- **EXTRACTED MATERIAL**:
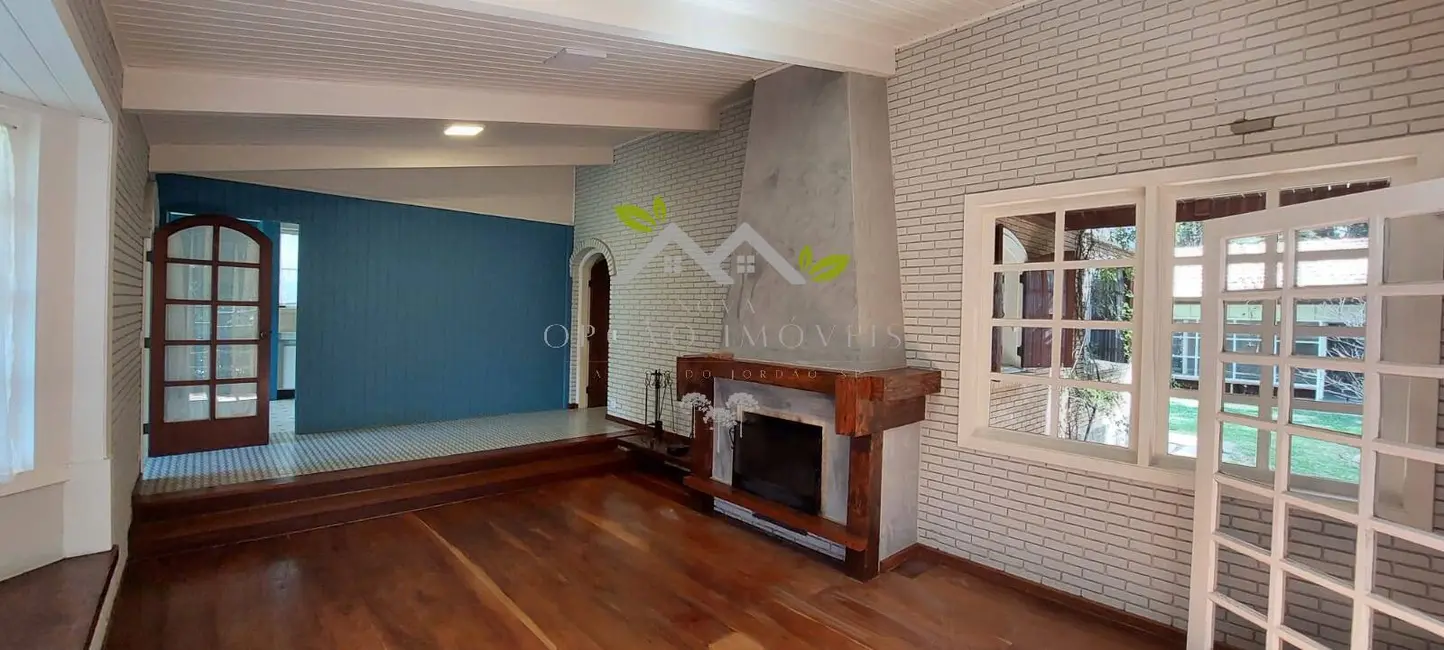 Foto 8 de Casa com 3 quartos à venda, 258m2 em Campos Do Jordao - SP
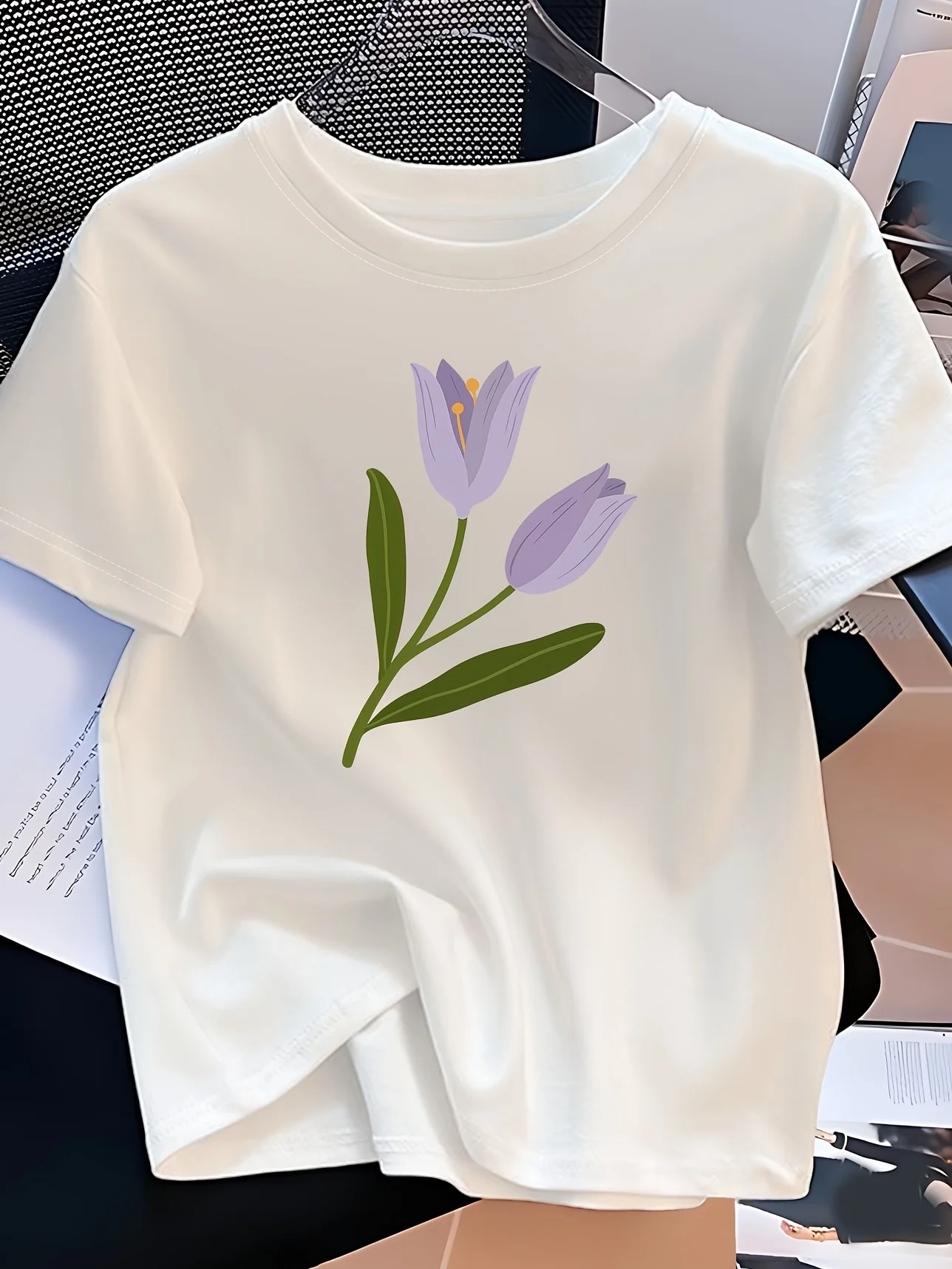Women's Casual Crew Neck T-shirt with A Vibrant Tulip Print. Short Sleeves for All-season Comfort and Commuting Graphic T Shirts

--

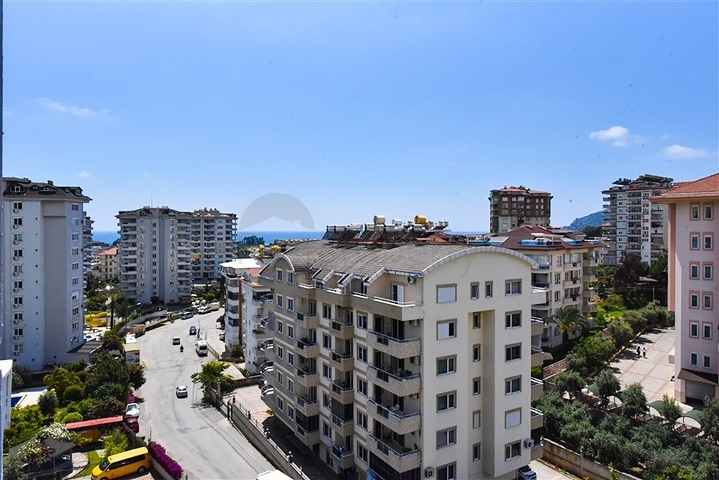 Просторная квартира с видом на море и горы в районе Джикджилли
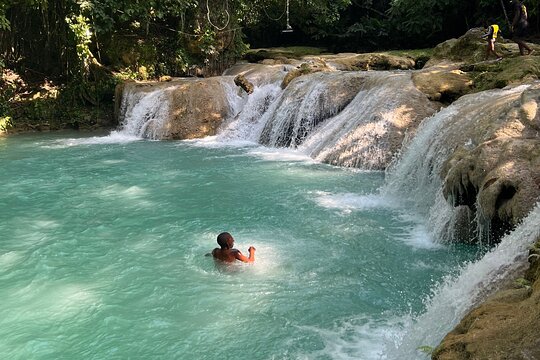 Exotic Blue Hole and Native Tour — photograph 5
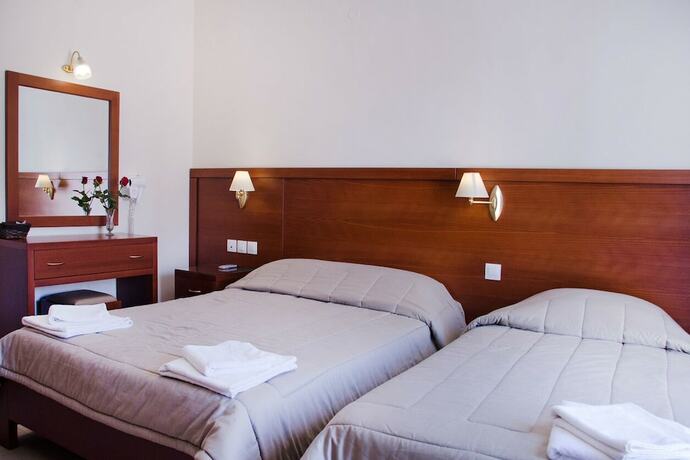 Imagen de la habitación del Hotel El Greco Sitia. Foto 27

- **WHAT YOU NEED TO DO**: Could the stretch from the line with "Foto 8 de Casa" through the line with "Women's Casual Crew" in the listing above be restated word for word, minus the pictures?

- **RESULT BELOW**:
 Foto 8 de Casa com 3 quartos à venda, 258m2 em Campos Do Jordao - SP
Women's Casual Crew Neck T-shirt with A Vibrant Tulip Print. Short Sleeves for All-season Comfort and Commuting Graphic T Shirts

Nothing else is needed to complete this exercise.